The high-end SM2264 controller is the successor to Silicon Motion's SM2262(EN) controllers, and the SM2264 brings the most significant changes that add up to a doubling of performance. The SM2264 still uses 8 NAND channels, but now supporting double the speed: up to 1600MT/s. The controller includes four ARM Cortex R8 cores, compared to two cores on SMI's previous client/consumer NVMe controllers. As with most SSD controllers aiming for the high end PCIe 4.0 product segment, the SM2264 is fabbed on a smaller node: TSMC's 12nm FinFET process, which allows for substantially better power efficiency than the 28nm planar process used by the preceding generation of SSD controllers. The SM2264 also includes support for some enterprise-oriented features like SR-IOV virtualization, though we probably won't see that enabled on consumer SSD products. The SM2264 also includes the latest generation of Silicon Motion's NANDXtend ECC system, which switches from a 2kb to 4kB codeword size for the LDPC error correction.

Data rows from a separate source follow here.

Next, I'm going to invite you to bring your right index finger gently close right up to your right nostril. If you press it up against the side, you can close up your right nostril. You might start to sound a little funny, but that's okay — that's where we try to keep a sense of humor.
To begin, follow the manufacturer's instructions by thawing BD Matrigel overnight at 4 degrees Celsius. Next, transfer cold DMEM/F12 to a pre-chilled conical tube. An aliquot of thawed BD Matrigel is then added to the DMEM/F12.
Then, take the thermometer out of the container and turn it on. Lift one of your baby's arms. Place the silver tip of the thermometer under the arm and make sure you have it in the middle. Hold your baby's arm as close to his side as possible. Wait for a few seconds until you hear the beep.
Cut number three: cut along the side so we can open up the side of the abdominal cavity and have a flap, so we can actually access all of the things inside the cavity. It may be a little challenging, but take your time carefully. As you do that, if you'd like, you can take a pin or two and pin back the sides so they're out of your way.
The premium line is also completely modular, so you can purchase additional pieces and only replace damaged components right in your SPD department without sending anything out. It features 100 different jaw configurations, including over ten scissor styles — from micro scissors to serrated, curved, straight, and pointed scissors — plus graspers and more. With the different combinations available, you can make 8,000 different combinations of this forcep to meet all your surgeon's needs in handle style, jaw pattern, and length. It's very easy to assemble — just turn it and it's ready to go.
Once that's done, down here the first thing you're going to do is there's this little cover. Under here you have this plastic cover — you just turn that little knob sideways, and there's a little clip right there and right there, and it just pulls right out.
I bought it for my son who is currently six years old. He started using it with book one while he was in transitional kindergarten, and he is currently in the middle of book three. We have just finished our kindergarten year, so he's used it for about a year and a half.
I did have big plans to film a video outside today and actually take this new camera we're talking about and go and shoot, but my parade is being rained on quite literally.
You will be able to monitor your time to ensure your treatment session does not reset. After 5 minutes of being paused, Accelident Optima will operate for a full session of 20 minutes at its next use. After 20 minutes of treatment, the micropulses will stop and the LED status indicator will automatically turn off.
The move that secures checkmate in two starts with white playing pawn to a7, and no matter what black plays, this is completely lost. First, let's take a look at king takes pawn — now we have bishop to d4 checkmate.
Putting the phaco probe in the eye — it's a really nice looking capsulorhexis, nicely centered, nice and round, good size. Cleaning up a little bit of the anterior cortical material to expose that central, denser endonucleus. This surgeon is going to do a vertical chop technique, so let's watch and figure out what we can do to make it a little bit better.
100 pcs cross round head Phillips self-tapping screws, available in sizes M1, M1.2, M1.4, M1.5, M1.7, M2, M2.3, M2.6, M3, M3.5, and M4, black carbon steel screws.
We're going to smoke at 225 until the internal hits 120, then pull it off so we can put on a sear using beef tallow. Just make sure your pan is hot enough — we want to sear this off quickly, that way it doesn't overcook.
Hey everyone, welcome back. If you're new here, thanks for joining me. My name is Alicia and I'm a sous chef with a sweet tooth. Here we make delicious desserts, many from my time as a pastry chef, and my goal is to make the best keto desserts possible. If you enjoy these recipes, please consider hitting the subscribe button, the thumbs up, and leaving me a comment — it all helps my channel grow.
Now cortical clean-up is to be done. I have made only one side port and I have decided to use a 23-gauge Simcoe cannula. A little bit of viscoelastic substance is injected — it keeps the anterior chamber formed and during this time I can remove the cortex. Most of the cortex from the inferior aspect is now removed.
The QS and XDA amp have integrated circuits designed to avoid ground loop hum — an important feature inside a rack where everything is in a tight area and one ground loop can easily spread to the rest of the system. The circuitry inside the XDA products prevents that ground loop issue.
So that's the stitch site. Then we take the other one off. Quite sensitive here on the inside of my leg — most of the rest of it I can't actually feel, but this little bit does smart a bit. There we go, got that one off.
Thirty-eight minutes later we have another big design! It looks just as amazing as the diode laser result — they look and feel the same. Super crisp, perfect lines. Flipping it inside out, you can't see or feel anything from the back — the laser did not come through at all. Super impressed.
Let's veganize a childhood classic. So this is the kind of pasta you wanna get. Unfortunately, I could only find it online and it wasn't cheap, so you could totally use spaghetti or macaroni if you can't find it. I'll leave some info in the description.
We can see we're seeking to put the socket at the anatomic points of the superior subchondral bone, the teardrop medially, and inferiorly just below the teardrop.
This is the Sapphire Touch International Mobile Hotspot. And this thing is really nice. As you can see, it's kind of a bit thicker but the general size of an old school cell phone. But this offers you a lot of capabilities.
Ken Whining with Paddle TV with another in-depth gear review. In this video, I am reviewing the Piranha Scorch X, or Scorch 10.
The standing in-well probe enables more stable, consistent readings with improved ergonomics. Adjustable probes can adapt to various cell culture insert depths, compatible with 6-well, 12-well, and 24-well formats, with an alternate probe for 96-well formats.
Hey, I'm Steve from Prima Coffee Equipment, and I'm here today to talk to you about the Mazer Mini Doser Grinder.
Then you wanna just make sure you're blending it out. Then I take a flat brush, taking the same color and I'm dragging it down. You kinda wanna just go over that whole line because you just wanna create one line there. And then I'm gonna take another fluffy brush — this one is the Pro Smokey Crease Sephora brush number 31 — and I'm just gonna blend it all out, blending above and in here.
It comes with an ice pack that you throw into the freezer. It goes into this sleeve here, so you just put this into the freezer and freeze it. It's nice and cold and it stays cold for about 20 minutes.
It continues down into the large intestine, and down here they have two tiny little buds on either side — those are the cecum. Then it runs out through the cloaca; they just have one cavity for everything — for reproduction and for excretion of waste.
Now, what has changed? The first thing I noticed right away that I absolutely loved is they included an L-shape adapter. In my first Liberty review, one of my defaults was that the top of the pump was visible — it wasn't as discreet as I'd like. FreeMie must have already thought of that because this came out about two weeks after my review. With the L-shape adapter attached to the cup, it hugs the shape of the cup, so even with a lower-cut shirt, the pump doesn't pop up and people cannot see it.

The SM2264 controller will be competing with in-house controllers used by Samsung and Western Digital for their flagship consumer SSDs, and against the upcoming Phison E18 controller. Phison's E16 controller was the first consumer PCIe 4.0 controller to hit the market, but is now being outclassed by a second wave of PCIe 4.0 controllers that come much closer to using the full potential of a PCIe 4.0 x4 interface. The SM2264 controller is currently sampling to drive vendors, but we don't have an estimate for when products will be hitting the shelves.

Silicon Motion Client/Consumer NVMe SSD Controllers
  SM2263(XT) SM2267(XT) SM2262EN SM2264
Market Segment Mainstream Consumer High-End Consumer
Manufacturing
Process
28nm 28nm 28nm 12nm
Arm CPU Cores 2x Cortex 2x Cortex R5 2x Cortex 4x Cortex R8
Error Correction 2kB LDPC 2kB LDPC 2kB LDPC 4kB LDPC
DRAM Support LPDDR3, DDR4
-XT: None
LPDDR4, DDR4
-XT: None
LPDDR3, DDR4 LPDDR4, DDR4
Host Interface PCIe 3.0 x4 PCIe 4.0 x4 PCIe 3.0 x4 PCIe 4.0 x4
NAND Channels, Interface Speed 4ch
667 MT/s
4ch
1200MT/s
8ch
800MT/s
8ch
1600MT/s
CEs per Channel 4 8
-XT: 4
4 8
Sequential Read 2400 MB/s 3900 MB/s 3500 MB/s 7400 MB/s
Sequential Write 1700 MB/s 3500 MB/s 3000 MB/s 6800 MB/s
4KB Random Read IOPS 300k
-XT: 280k
500k 420k 1000k
4KB Random Write IOPS 250k 500k 420k 1000k

For the more mainstream product segments, Silicon Motion's SM2267 and SM2267XT controllers are the replacements for the SM2263 and SM2263XT. These will help bring entry-level NVMe performance up to about the level that used to be standard for high-end PCIe 3.0 SSDs. The SM2267XT is the DRAMless variant of the SM2267 and also has half as many chip enables (CEs), which allow for a much smaller package size suitable for use on small form factors like M.2 2230. The SM2267(XT) controllers are still manufactured on the cheaper 28nm process. The SM2267 and SM2267XT controllers are in mass production and the first products using those parts have also entered the supply chain: we already have a sample of ADATA's Gammix S50 Lite with the SM2267 controller on our test bench.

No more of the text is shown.